Hydroxyls-Involved Interfacial CO Oxidation Catalyzed by FeOx(111) Monolayer Islands Supported on Pt(111) and the Unique Role of Oxygen Vacancy

We have comprehensively investigated the reactivity of hydroxyls on FeOx(111) monolayer islands with different amounts of oxygen vacancy concentrations grown on Pt(111) by means of X-ray photoelectron spectroscopy, temperature-programmed desorption/reaction spectroscopy, and low energy electron diffraction. Hydroxyls on FeOx(111) monolayer islands are capable of oxidizing CO(a) on Pt(111) at the FeOx(111)-Pt(111) interface at low temperatures and such an interfacial oxidation of CO by hydroxyls to produce CO2 is not suppressed by either excess CO(a) or excess H(a) on FeOx(111)/Pt(111) inverse model catalyst surface. However, the reactivity of hydroxyls is controlled by the oxygen vacancy concentration in FeOx(111) monolayer islands.

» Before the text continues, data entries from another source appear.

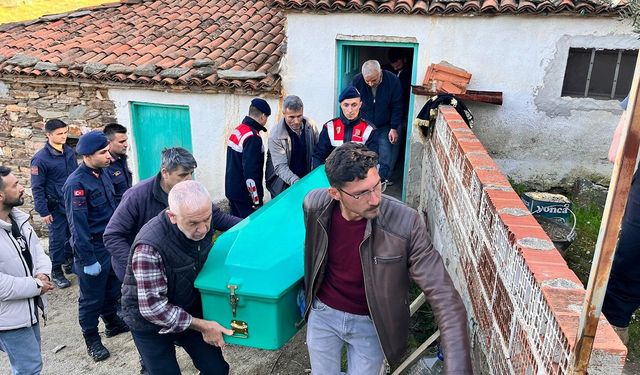 82 yaşındaki adam kilerde kendini asarak intihar etti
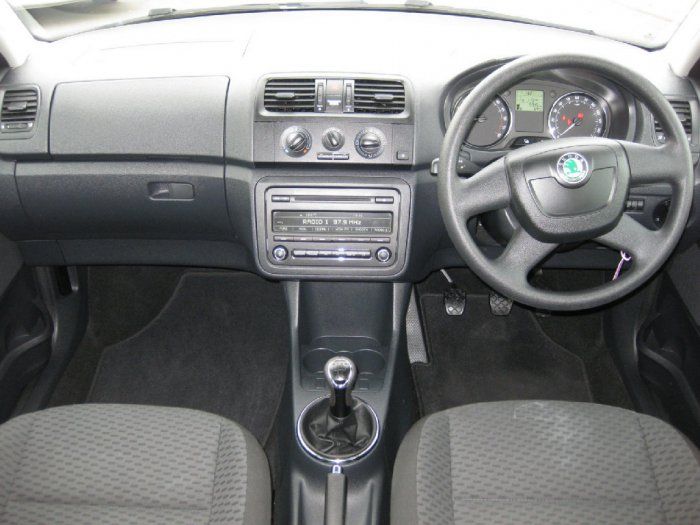 2012 Skoda Fabia 1.6 TDI image 3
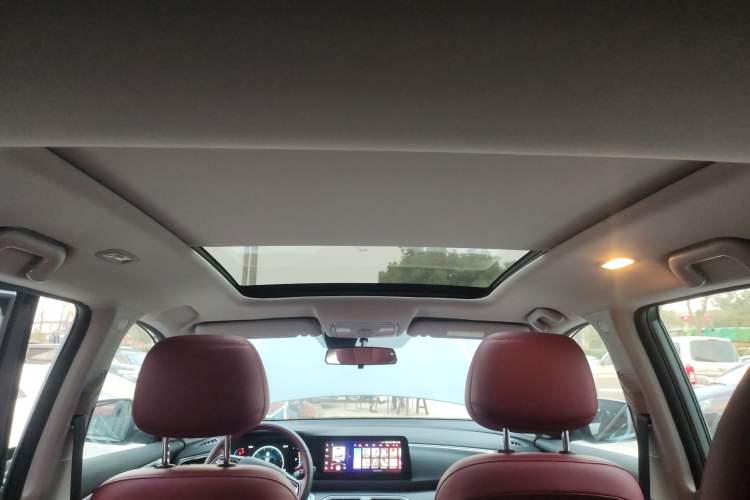 Used Dongfeng Fengon 580 2022 1.5T Automatic Luxury Edition Headliner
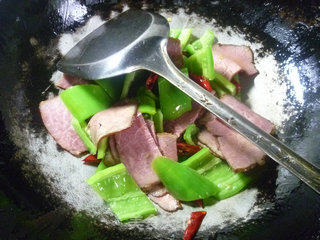 Stir-fried Beef with Green Pepper recipe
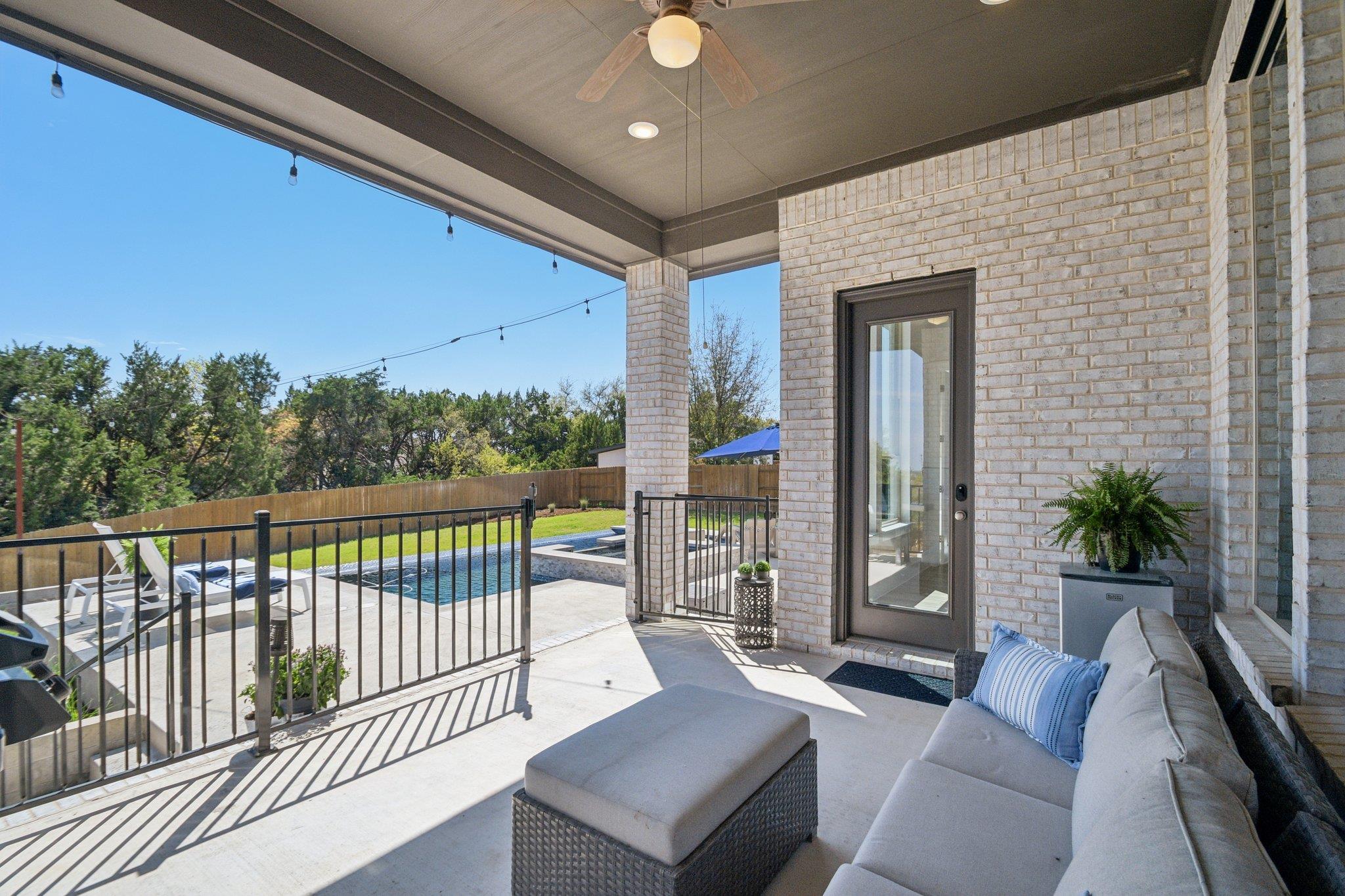 271 Egret Ln, Austin, TX 78737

With the increase of oxygen vacancy concentration, reaction pathways of hydroxyls on FeOx(111) monolayer islands to produce H2O are thermodynamically suppressed, which thus opens other hydroxyls-involved reaction pathways including the interfacial oxidation of CO to produce CO2. These results greatly deepen the fundamental understanding of the reaction mechanism and catalytically active structure for low temperature WGS and PROX reactions catalyzed by oxide supported Pt nanocatalysts.